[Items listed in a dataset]

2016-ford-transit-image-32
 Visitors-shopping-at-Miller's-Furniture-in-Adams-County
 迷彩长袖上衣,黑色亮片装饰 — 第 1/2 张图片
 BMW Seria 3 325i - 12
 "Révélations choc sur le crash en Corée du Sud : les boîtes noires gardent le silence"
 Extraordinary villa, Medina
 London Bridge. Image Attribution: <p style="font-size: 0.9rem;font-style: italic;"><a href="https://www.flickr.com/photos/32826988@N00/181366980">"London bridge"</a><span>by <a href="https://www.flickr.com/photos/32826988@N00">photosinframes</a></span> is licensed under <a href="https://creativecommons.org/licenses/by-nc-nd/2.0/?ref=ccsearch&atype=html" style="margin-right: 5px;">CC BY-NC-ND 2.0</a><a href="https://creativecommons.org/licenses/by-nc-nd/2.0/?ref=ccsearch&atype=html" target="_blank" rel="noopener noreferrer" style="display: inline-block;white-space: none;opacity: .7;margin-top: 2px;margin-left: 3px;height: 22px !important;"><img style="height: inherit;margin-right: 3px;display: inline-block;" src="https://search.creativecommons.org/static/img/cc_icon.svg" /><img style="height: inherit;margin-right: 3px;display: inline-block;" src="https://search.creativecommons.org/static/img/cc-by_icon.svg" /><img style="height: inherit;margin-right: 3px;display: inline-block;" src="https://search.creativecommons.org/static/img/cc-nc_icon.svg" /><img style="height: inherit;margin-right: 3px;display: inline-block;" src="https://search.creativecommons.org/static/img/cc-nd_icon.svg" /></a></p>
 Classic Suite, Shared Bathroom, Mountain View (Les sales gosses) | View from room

* **DIRECTIONS**
Beginning at the line with "BMW Seria 3 325i - 12" and stopping after the line with "Extraordinary villa, Medina", please write out every line of the data above exactly and nothing else.

* **SOLUTION TO THE EXERCISE**
 BMW Seria 3 325i - 12
 "Révélations choc sur le crash en Corée du Sud : les boîtes noires gardent le silence"
 Extraordinary villa, Medina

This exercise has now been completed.